There are lessons I learn from running multiple sites and I bring them all back here to people who would appreciate them.
Now if people wonder, yes I do think that Google’s still evil for how they hotlink images. Of course, I’d think them equally evil for copying my images. Image search is just a really messy thing. The two options you get for it is that either Google has a copy of all the images on the planet or they hotlink. Even assuming they’re clever enough to protect themselves from duplicate images using some sort of super powerful algorithm, you get those options and each has a problem. If you’ve copied everything, you have to have a file server the likes of which would make the pyramids look teeny tiny, and in both cases you need a database with enough speed to stop us all from running Google Pagespeed tests on Google.

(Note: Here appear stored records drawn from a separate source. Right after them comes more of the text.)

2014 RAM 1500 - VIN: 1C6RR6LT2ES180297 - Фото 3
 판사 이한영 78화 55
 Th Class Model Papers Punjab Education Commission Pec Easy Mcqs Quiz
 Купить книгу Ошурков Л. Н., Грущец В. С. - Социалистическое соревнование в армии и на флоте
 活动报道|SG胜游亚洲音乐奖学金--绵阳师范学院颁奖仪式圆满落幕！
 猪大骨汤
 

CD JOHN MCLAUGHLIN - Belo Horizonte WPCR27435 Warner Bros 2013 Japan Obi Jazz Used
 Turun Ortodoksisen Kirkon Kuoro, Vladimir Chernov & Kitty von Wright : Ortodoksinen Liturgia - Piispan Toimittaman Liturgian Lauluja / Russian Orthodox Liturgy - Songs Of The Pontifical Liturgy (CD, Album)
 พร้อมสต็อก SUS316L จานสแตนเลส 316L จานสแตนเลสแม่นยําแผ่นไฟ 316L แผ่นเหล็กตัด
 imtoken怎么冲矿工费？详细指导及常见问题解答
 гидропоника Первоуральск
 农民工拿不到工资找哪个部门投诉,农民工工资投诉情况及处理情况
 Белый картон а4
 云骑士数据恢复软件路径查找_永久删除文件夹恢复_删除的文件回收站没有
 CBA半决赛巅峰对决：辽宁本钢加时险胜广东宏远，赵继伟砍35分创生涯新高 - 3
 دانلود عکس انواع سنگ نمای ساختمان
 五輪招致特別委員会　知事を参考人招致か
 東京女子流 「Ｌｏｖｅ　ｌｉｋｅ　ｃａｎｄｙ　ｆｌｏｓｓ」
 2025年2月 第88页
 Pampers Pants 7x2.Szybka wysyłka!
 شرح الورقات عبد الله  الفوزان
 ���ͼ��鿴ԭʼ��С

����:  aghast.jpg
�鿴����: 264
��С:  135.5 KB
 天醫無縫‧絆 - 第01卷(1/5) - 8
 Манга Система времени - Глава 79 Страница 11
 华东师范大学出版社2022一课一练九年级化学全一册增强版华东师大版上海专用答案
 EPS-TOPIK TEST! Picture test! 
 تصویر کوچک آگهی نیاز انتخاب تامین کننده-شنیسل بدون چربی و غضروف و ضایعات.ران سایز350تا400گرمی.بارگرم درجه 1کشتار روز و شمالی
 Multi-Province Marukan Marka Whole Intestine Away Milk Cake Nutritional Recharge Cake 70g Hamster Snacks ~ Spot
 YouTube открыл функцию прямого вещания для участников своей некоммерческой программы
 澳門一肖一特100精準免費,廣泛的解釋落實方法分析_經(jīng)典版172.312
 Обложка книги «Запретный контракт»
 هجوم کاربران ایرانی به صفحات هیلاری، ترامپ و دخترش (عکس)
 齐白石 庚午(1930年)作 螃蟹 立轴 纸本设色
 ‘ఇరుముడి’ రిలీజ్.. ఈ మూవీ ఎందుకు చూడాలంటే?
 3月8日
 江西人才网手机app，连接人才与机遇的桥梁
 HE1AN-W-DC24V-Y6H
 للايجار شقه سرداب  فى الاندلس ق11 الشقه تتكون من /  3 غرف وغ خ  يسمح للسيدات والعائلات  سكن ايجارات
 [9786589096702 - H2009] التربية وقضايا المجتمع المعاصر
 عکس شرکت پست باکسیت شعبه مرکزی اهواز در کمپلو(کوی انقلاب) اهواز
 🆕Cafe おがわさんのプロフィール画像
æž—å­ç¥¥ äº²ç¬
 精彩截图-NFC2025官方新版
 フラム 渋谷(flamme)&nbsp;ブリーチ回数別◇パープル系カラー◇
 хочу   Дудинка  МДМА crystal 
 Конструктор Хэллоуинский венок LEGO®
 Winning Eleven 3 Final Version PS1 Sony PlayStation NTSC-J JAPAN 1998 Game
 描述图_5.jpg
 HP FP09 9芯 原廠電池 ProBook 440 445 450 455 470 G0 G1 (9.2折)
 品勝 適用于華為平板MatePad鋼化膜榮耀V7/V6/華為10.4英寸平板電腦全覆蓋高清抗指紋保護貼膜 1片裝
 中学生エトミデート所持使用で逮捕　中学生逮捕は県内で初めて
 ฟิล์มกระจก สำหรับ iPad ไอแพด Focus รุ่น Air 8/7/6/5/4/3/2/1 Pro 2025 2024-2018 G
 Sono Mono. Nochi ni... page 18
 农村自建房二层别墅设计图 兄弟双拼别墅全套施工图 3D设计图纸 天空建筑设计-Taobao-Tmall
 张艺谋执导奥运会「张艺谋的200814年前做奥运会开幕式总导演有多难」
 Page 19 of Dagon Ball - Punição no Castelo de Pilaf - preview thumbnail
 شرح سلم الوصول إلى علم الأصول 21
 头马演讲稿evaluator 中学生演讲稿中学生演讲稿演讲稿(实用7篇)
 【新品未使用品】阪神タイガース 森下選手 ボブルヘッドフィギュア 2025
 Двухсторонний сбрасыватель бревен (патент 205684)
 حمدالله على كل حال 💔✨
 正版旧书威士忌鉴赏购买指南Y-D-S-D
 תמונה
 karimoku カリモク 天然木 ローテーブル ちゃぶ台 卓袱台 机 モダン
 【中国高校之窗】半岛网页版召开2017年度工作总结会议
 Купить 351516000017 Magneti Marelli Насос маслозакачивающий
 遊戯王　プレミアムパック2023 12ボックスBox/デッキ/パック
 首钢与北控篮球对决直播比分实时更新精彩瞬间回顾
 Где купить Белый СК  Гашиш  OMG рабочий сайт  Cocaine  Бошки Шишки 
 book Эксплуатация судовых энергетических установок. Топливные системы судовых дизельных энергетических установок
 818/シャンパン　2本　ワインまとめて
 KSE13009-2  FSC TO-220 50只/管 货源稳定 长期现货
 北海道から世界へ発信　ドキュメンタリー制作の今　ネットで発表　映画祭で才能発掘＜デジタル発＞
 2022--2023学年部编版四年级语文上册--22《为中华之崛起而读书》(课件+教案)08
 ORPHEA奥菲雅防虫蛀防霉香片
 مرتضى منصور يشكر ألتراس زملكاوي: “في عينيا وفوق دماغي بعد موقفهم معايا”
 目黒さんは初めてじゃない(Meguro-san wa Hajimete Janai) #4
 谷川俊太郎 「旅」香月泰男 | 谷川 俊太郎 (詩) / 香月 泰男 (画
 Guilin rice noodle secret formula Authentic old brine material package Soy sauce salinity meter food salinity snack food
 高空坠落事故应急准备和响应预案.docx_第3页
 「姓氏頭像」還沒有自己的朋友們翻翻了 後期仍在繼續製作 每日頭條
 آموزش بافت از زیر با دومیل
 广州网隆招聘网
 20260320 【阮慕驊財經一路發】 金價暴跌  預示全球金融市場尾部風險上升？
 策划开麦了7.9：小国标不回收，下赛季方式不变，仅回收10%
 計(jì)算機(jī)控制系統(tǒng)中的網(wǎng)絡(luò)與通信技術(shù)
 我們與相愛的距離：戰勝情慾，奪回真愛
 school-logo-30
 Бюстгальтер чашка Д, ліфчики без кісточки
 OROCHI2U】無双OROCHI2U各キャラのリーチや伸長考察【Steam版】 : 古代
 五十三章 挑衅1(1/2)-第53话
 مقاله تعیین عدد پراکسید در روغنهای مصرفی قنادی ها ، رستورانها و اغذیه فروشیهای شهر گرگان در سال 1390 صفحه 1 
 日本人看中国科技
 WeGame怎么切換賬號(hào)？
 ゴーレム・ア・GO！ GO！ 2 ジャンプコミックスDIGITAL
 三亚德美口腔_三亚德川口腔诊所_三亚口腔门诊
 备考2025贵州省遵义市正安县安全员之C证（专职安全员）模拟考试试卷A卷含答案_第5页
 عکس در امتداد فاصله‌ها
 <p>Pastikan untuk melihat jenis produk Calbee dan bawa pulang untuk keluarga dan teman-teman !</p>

Am I the only one who does that? Oh. Sorry.
We’re talking about Google being evil and robots.txt files. The site that I do block Google Images on has a very large robots:
User-Agent: * # My stuff Disallow: /cgi_bin/ # WordPress Disallow: /trackback/ Disallow: /blog/ Disallow: /wp/ Disallow: /wordpress/wp-admin/ Disallow: /wordpress/wp-includes/ Disallow: /wordpress/xmlrpc.php Disallow: /wp-admin/ Disallow: /wp-content/ Disallow: /wp-includes/ Disallow: /xmlrpc.php Disallow: /wp- # Gallery Disallow: /gallery/albums/ Disallow: /gallery/themes/ Disallow: /gallery/zp-core/ Disallow: /gallery/zp-data/ Disallow: /gallery/page/search/ Disallow: /gallery/uploaded/ Disallow: /gallery/rss.php Disallow: /gallery/rss-comments.php Disallow: /gallery/README.html Disallow: /gallery/rss-news-comments.php Disallow: /gallery/rss-news.php # Wiki Disallow: /wiki/images/ Disallow: /wiki/bin/ Disallow: /wiki/cache/ Disallow: /wiki/config/ Disallow: /wiki/docs/ Disallow: /wiki/extensions/ Disallow: /wiki/languages/ Disallow: /wiki/maintenance/ Disallow: /wiki/math/ Disallow: /wiki/public/ Disallow: /wiki/serialized/ Disallow: /wiki/tests/ Disallow: /wiki/skins/ Disallow: /wiki/t/ Disallow: /wiki/index.php User-agent: Mediapartners-Google Allow: / User-agent: Adsbot-Google Allow: / User-agent: Googlebot-Image Disallow: / User-agent: Googlebot-Mobile Allow: / User-agent: Browsershots Allow: / User-agent: Dotbot Allow: /
So yes, actually, I am still using that code. There you are.